INI: „Mit der Javanisierung wurde die Findung einer indonesischen Identität unterbunden. Dieser Prozeß steckt noch in den Kinderschuhen“, stellt Pram fest. Und auf der Suche nach einer indonesischen Identität müsse man sich bewußt werden, daß es kein Volk von Indonesierinnen und Indonesiern gebe, sondern lediglich eine Nation, die aus zahlreichen Völkern, nicht nur ethnischen Gruppen, bestehe.

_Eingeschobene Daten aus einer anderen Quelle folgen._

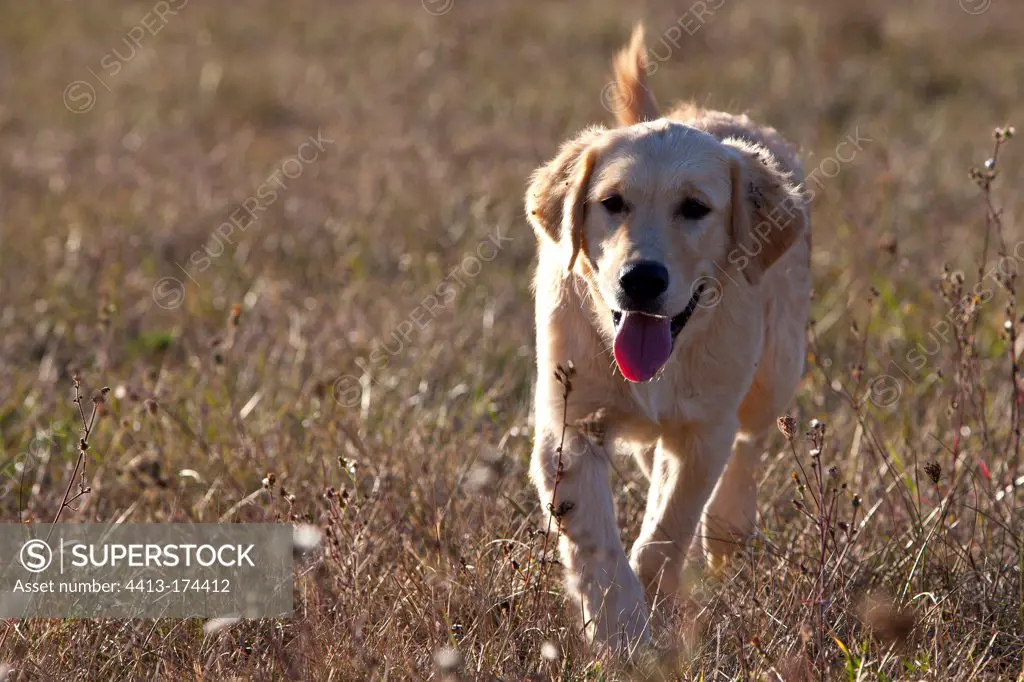 Young Golden retriever walking in the grass France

Nach dem Sturz Suhartos kann Pramoedya zwar seinen persönlichen Sieg über den Langzeitherrscher und die „Neue Ordnung“ feiern, aber den Rücktritt von Suharto hält er lediglich für eine schlechte Cabaret-Nummer: „Wäre Suharto wirklich entmachtet worden, dann hätte er sich ins Ausland abgesetzt. Er ist aber geblieben, und das bedeutet, er ist indirekt noch immer am Hebel.“

Suharto werde sich auch bestimmt nie vor Gericht verantworten müssen. Nicht nur, weil sich in Indonesien kaum jemand getrauen werde, dieses heiße Eisen anzufassen, sondern auch, weil das Land mit seinen Naturschätzen den multinationalen Konzernen für ihre eigenen Zwecke viel zu bedeutend sei.

„Die einzige Chance für eine Zukunft Indonesiens“ sieht Pramoedya darin, daß das Land endlich mit einer konsequenten Vergangenheitsbewältigung beginnt. Doch sogar wenn Megawati Präsidentin würde, was nach den vergangenen Wahlen zu vermuten ist, glaubt er nicht, daß dies wirklich geschehen werde. Von Megawati, der ältesten Tochter Sukarnos, ist Pram zutiefst enttäuscht, weil selbst sie bislang noch kein Wort verloren hat über die Massaker an zwei Millionen AnhängerInnen ihres Vaters in den sechziger Jahren.

„Indonesien braucht eine vollständig neue ethisch-moralische Kultur“, fordert der Autor. Der ganze bestehende Apparat sollte durch neue, junge Leute ersetzt werden. Darauf wird er wohl vergeblich hoffen, aber Pram schaut dennoch nicht tatenlos zu. Zusammen mit MenschenrechtsaktivistInnen hat er eine Stiftung gegründet für die Opfer der Massaker der sechziger Jahre sowie der Repression unter Suharto. Diese Stiftung sammelt Namen und Fakten in der Hoffnung, ihr Beweismaterial dereinst zu publizieren.<

Die Autorin lebt als Journalistin und Übersetzerin in Dietikon, Schweiz. Sie hat zwei Bücher von Pramoedya Ananta Toer übersetzt.